---- Material shown

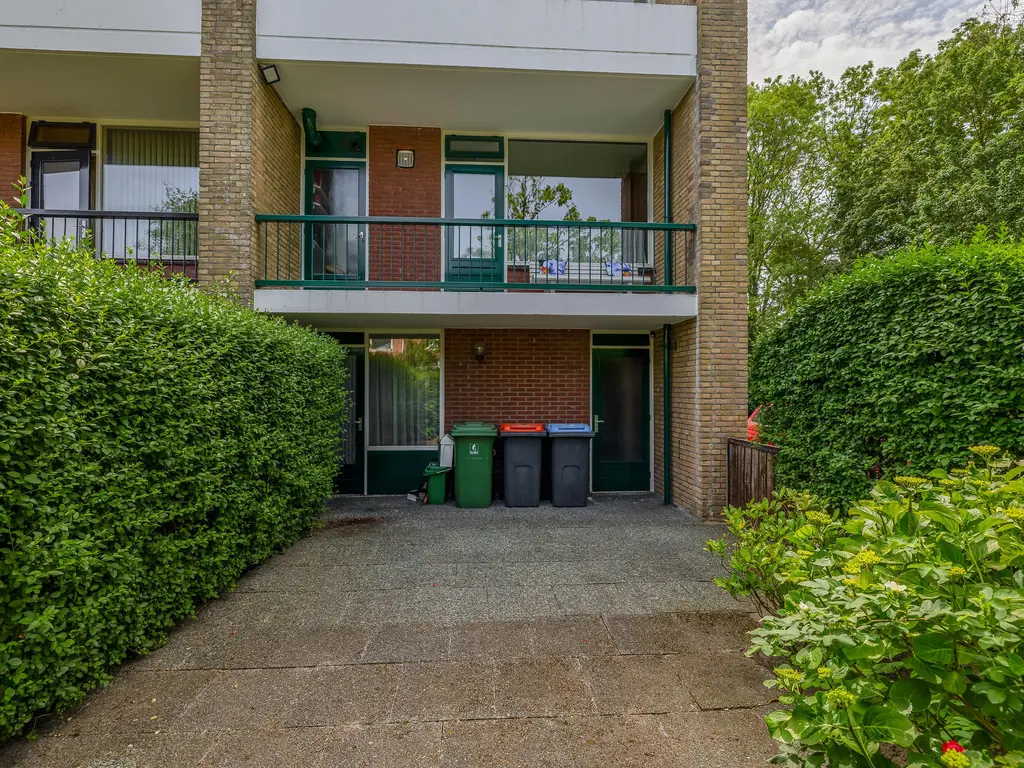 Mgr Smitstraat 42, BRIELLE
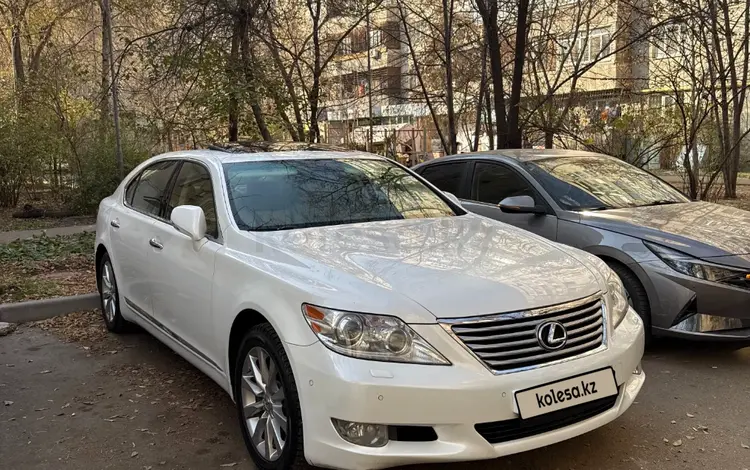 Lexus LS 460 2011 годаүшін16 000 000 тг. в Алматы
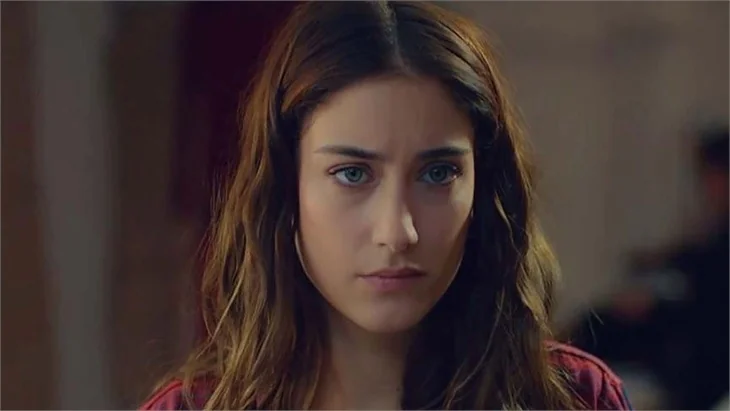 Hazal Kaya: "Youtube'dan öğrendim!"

--------
---- Material shown

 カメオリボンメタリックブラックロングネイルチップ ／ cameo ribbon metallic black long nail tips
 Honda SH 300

--------

▶ **Assignment**
With the line holding "カメオリボンメタリックブラックロングネイルチップ ／ cameo" as the first and the line holding "Honda SH 300" as the last, set down that range of the entries above exactly, and nothing else.

▶ **Answer box**
 カメオリボンメタリックブラックロングネイルチップ ／ cameo ribbon metallic black long nail tips
 Honda SH 300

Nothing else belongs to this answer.